(Short descriptive text snippets)
● ● ● ●
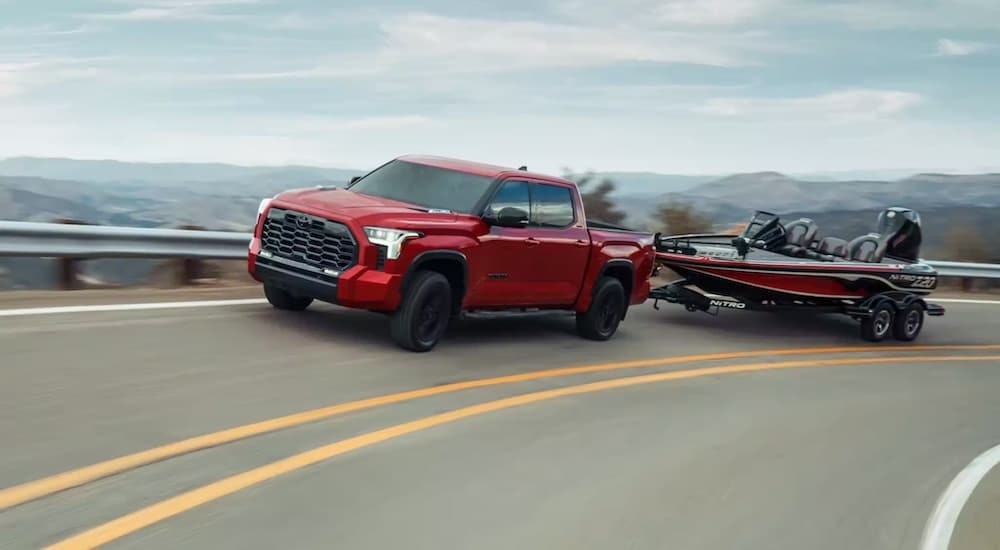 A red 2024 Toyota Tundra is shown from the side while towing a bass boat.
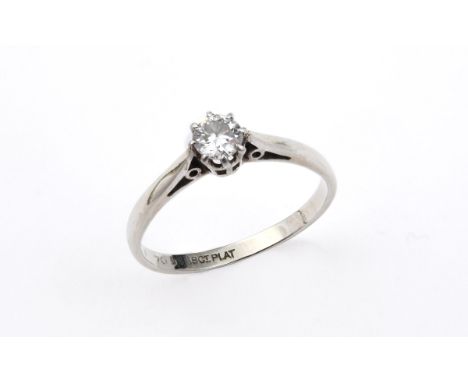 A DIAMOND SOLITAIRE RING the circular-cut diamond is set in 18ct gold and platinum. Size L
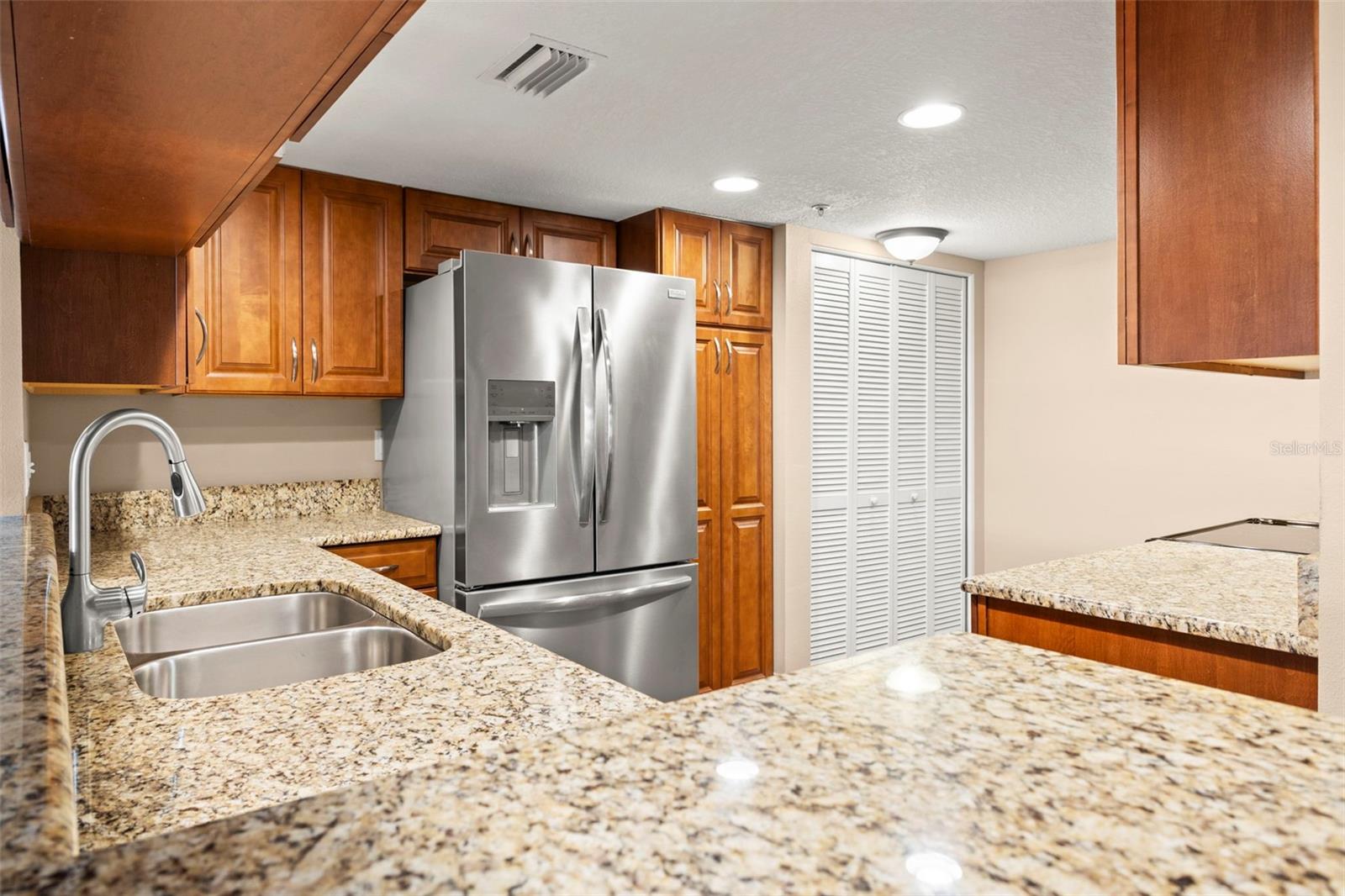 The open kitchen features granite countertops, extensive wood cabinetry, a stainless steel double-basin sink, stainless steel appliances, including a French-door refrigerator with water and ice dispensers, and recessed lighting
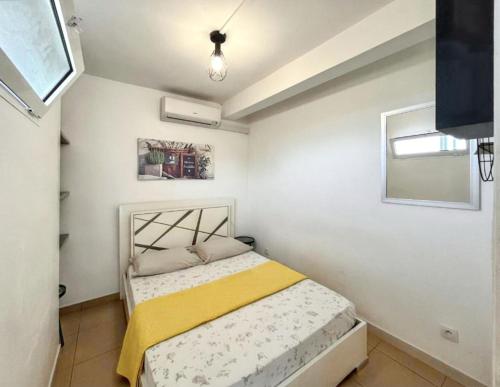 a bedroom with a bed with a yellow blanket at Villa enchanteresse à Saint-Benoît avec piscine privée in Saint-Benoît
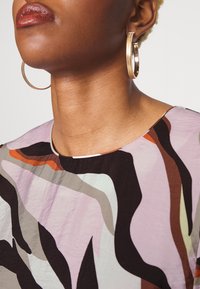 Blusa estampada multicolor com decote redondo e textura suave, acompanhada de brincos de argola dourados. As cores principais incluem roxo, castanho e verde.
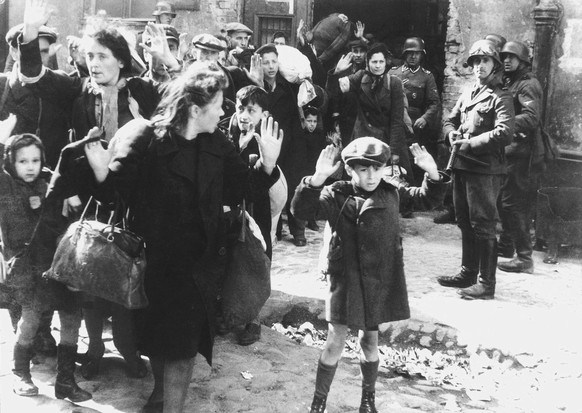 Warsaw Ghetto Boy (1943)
● ● ● ●
### Aim of the task
What is needed is an exact copy of the lines from the one containing "The open kitchen" through the last line of the records, with every picture left out.

### Task response
 The open kitchen features granite countertops, extensive wood cabinetry, a stainless steel double-basin sink, stainless steel appliances, including a French-door refrigerator with water and ice dispensers, and recessed lighting
 a bedroom with a bed with a yellow blanket at Villa enchanteresse à Saint-Benoît avec piscine privée in Saint-Benoît
 Blusa estampada multicolor com decote redondo e textura suave, acompanhada de brincos de argola dourados. As cores principais incluem roxo, castanho e verde.
 Warsaw Ghetto Boy (1943)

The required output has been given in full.